Various techniques are known for digital printers to provide continuous tone (monochrome or color) printing. Traditional offset printing systems compensate for tone nonlinearity through the measurement of dot gain. Dot gain is the percentage of spot size increase of a 50% intensity dot. This dot gain is corrected in the production of the printing plates. Further correction can be done through adjustment of the pressure between the transfer media and the printing plate. The object is to obtain a linear tone scale from the lightest to the darkest shade of a given ink in the printing system.
High speed digital ink jet printing systems apply the ink directly to the substrate as directed by the input data. In certain digital printing systems the application of a linear gradation of ink to a substrate does not result in the appearance of a linear gradation in tone. The image data must be corrected so that tone linearity can be achieved on a particular substrate. In the past, it has been necessary to print and measure the resulting tone from samples of a number of printed ink levels in order to determine the appropriate data transformation. This transformation was then applied to the image data.

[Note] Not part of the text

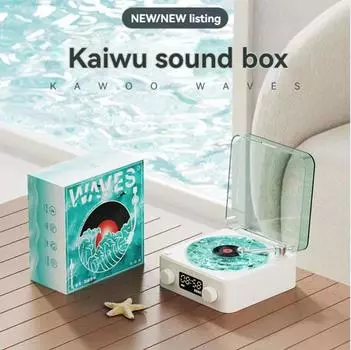 Колонки для прослушивания белого шума в стиле ретро, беспроводная связь Bluetooth, аудио, настольные украшения, светодиодный ночной светильник, подарок на день рождения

Typically, printing system configurations and substrates differ in acceptable maximum ink limit. Problems in image quality, such as edged definition and loss of detail in the shadow areas, can result. Image quality and ink drying time varies significantly with the substrate As conditions of the printing system and substrate type change regularly, it is often necessary to determine new data transformations that redefine the tone curve shape and upper ink limit for each ink in the system.
It would be desirable to be able to determine an appropriate transformation for application to images to be printed on the given system and substrate.